This one is a wrapper around qqbinplot.

Code
def QQplot_binned(
    data,
    reference_conditional_distributions,
    N=20,
    ax=None,
    **plot_kwargs,
):
    """

    * data should be an (X,Y) iterable. For example:

    data = numpy.random.multivariate_normal(
        [0, 0], cov=numpy.array([[1, 0], [0, 1]]), size=10 ** 4
    )
    X, Y = data.transpose(1, 0)

    * reference_conditional_distributions should be an iterable with N elements, where each element is the reference distribution conditional on a particular value of x

    For example, for a uniform distribution, we would have
    reference_conditional_distributions = [scipy.stats.uniform(loc=-4, scale=8) for i in range(N)]

    """

    xx, yy = bin_bivariate_1d(*data, N=N)
    reference_conditional_distributions
    return qqbinplot(xx, yy, reference_conditional_distributions, ax=ax, **plot_kwargs)

This one plots the QQ-bin plot and also a few reference and empirical conditional distributions, for illustration.

Code
def plot_qq_with_conditionals(
    data, reference_conditional_distributions, N=20, cropped=True, **plot_kwargs
):
    fig = plt.figure()
    spec = fig.add_gridspec(3, 3)
    axmain = fig.add_subplot(spec[:2, :2])
    ax1 = fig.add_subplot(spec[0, 2])
    ax2 = fig.add_subplot(spec[1, 2])
    ax3 = fig.add_subplot(spec[2, 0])
    ax4 = fig.add_subplot(spec[2, 1])
    ax5 = fig.add_subplot(spec[2, 2])
    ax_dict = {"ax1": ax1, "ax2": ax2, "ax3": ax3, "ax4": ax4, "ax5": ax5}
    xx, yy = bin_bivariate_1d(*data, N=N)

    try:
        x_min, x_max = numpy.min(xx), numpy.max(xx)
        y_min, y_max = numpy.min([numpy.min(y) for y in yy]), numpy.max(
            [numpy.max(y) for y in yy]
        )
    except ValueError: # had a value error once, but can't seem to reproduce. Probably in case of empty bin.
        print(numpy.min(yy))
        exit()

    margin_plots = plot_kwargs.pop("margin_plots", (0.2,0.2))


    QQplot_binned(
        data,
        reference_conditional_distributions,
        N=20,
        ax=axmain,
        **plot_kwargs,
    )

    # does not seem to work, quick hack instead
    # axmain.set_xlim((x_min, x_max))
    # axmain.set_ylim((y_min, y_max))
    # axmain.margins(*margin_plots) 
    axmain.set_xlim((-5, 5))
    axmain.set_ylim((-5, 5))
    ####         end hack


    index = [N / 2 - 2 * N / 6, N / 2 - N / 6, N / 2, N / 2 + N / 6, N / 2 + 2 * N / 6]
    index = [int(numpy.round(i)) for i in index]

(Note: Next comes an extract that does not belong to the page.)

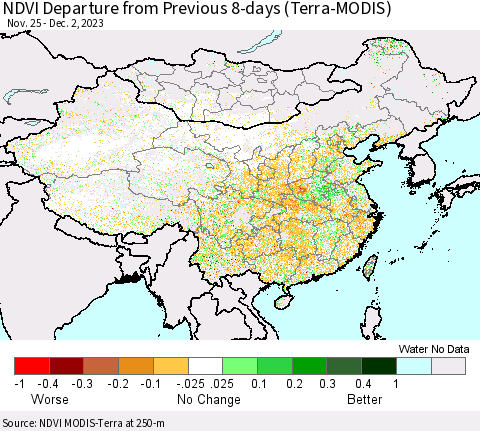 China, Mongolia and Taiwan NDVI Departure from Previous 8-days (Terra-MODIS) Thematic Map For 11/25/2023 - 12/2/2023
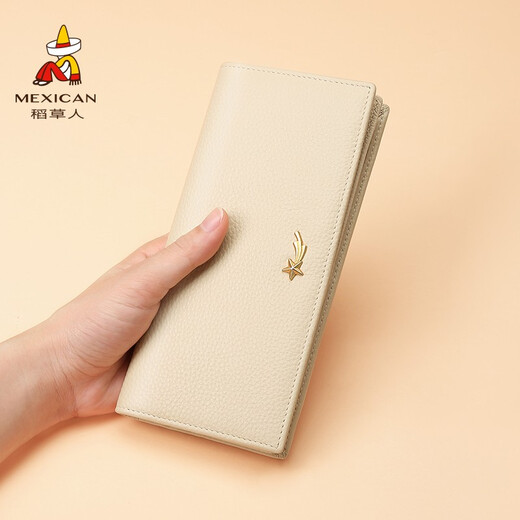 Scarecrow (MEXICAN) Women's wallet top layer cowhide multi-functional coupon wallet multi-card zipper clutch bag Mother's Day gift for mother long-white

    for n, i in enumerate(index):
        x = numpy.linspace(
            reference_conditional_distributions[i].ppf(0.01),
            reference_conditional_distributions[i].ppf(0.99),
            100,
        )
        ax_dict.get("ax" + str(n + 1)).plot(
            x,
            reference_conditional_distributions[i].pdf(x),
            "r-",
            label=f"reference distribution | x = {xx[i]:.3f}",
        )
        ax_dict.get("ax" + str(n + 1)).hist(yy[i], density=True)
        ax_dict.get("ax" + str(n + 1)).set_title(f'cond. pdf for x={xx[i]:.2f}')

Now for the illustrations (I again use a 2D centered uncorrelated standard Gaussian).

First, using the ``correct’’ conditional distribution:

Code
# Normal with same parameters
plot_qq_with_conditionals(
    data.transpose(1, 0),
    [scipy.stats.norm(loc=0, scale=1) for j in range(20)],
    N=20,
    markersize=2,
    margin_plots = [1,1],
)
plt.tight_layout()

Then a reference conditional with higher variance:

Code
plot_qq_with_conditionals(
    data.transpose(1, 0),
    [scipy.stats.norm(loc=0, scale=1.5) for j in range(20)],
    N=20,
    markersize=2,
)
plt.tight_layout()

and smaller variance

Code
plot_qq_with_conditionals(
    data.transpose(1, 0),
    [scipy.stats.norm(loc=0, scale=1 / 2) for j in range(20)],
    N=20,
    markersize=2,
)
plt.tight_layout()

So, we see scaling issues with straight, oriented 2D QQ-plots. North west (resp. north east) indicates that the reference conditional has a smaller (resp larger) variance than the empirical.

Now, with negative mean:

Code
plot_qq_with_conditionals(
    data.transpose(1, 0),
    [scipy.stats.norm(loc=-1, scale=1) for j in range(20)],
    N=20,
    markersize=2,
)
plt.tight_layout()

and with positive mean

Code
plot_qq_with_conditionals(
    data.transpose(1, 0),
    [scipy.stats.norm(loc=1, scale=1) for j in range(20)],
    N=20,
    markersize=2,
)
plt.tight_layout()

Here, we see the distributions shift left or right.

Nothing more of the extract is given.